Ce Bluesman à l'allure débonnaire possède un timbre de voix relativement profond, chaleureux, grave et sourd devant autant à son mentor Albert King qu'à Sam Cooke , avec parfois quelques faux airs de The O'Jays. Moins de « coffre » et de chaleur que ces derniers, mais un chant toujours juste, quelque soit le genre abordé. Un chant autant baigné de Blues que de Soul et de Rhythm'n'Blues (dans un style fin 60's - début 70's).
La touche Stax est palpable, la présence aux cuivres des Memphis Horns (!) y étant pour beaucoup. Quant à son jeu de guitare, il doit donc beaucoup aux deux Kings : Albert, évidemment, pour les slows-blues et Soul-blues, où des bends puissants se disputent à des vibratos monstrueux, et bien sûr ce jeu « aux doigts » marqué par un pouce vigoureux ; Freddie pour ce qui s'apparente, ou s'approche, du Blues-rock (une filiation bien plus évidente en concert). Le tout avec une approche plus moderne, ne serait-ce que par rapport à une tonalité plus ancrée dans son époque. Sa vélocité et sa virtuosité en font un des meilleurs guitaristes Blues de sa génération avec Lucky Peterson et Larry McCray. Il affectionne particulièrement le son chaud et crémeux du mariage Gibson et Humbucker ; cela ne l'empêche de s'afficher avec une Fender Telecaster avec manche en érable ... oui, mais une Deluxe, montée en humbuckers. (il se présente toujours avec de magnifiques guitares).
Si tous les albums de Weathersby sont d'une indiscutable qualité, « Come to Papa » semble être le plus abouti. En plus de bénéficier d'une excellente production de John Snyder, il jouit d'une « dream team » du Blues, un super groupe quasi idéal pour faire vivre le Blues moderne.
Lucky Peterson aux claviers (le meilleur joueur d'Hammond B3 de la confrérie Blues ?), Rico McFarland à la guitare rythmique (Little Milton, Lucky, Big Daddy Kinsey, James Cotton, Junior Wells), Willie Weeks à la basse (Donny Hathaway, Robert Cray, BB King, Joe Walsh, John Mayer, Bobby Womack, Doobie Brothers, Bowie, Clapton, Rod Stewart, Gatemouth Brown, etc...) et Steve Potts à la batterie (K.W.Sheperd, Peterson, J. Lang, Ike Turner, Rufus Thomas, Booker T, Otis Rush, Mavis Staples, Buddy Guy, etc...).
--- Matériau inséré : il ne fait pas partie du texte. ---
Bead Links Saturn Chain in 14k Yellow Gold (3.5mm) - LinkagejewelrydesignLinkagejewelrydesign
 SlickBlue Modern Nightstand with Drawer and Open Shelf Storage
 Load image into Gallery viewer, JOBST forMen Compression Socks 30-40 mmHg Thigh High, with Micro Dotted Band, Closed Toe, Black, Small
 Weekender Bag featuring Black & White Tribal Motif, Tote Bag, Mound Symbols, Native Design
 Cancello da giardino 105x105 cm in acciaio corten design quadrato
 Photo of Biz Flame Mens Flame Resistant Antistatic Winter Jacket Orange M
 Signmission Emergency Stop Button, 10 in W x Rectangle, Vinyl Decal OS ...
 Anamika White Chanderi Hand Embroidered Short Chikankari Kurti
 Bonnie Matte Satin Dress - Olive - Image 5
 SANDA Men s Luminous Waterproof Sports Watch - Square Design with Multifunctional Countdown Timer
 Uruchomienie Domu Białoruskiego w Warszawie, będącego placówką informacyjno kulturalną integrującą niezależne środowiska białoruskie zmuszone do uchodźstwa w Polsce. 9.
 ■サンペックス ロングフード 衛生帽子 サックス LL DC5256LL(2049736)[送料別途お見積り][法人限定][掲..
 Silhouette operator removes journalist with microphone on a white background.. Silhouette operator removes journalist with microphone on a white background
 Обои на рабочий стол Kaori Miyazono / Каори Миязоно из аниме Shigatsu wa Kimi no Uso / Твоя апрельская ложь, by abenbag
On y retrouve aussi Ann Peebles (chanteuse de Soul des 70's - et mère de Mario Van) sur la reprise de « Come to Mama », rebaptisé pour l'occasion en « Come to Papa ».
La marque de fabrique de Weathersby, c'est un Blues solide qui, plutôt que de se laisser submerger par le Rock, préfère fricoter allègrement avec la Soul, . On retrouve ainsi un peu de l'essence du Albert King de la période Stax, avec un chouia plus de velours. Mais surtout avec un apport de gaieté, d'insouciance et de plénitude. Un Blues plus ensoleillé et optimiste.
Weathersby compose peu sur cet album, au contraire des précédents, mais la chaleur de sa voix, la présence de sa guitare, jamais prolixe, l'implication des musiciens, permettent d'imposer une touche toute personnelle sur les reprises.
Un album Blues de grande classe et de qualité, auquel, néanmoins, j'octroie un bémol. On regrettera de ne pas y retrouver l'énergie que Wheathersby était capable de déployer en concert, où son set progresse vers un Blues-rock énergique et terrassant, épais et fumant. Du moins à l'époque, ses concerts étaient l'assurance d'un pur moment de Chicago Blues gorgé de Soul qui s'envolait progressivement vers un Blues-rock torride.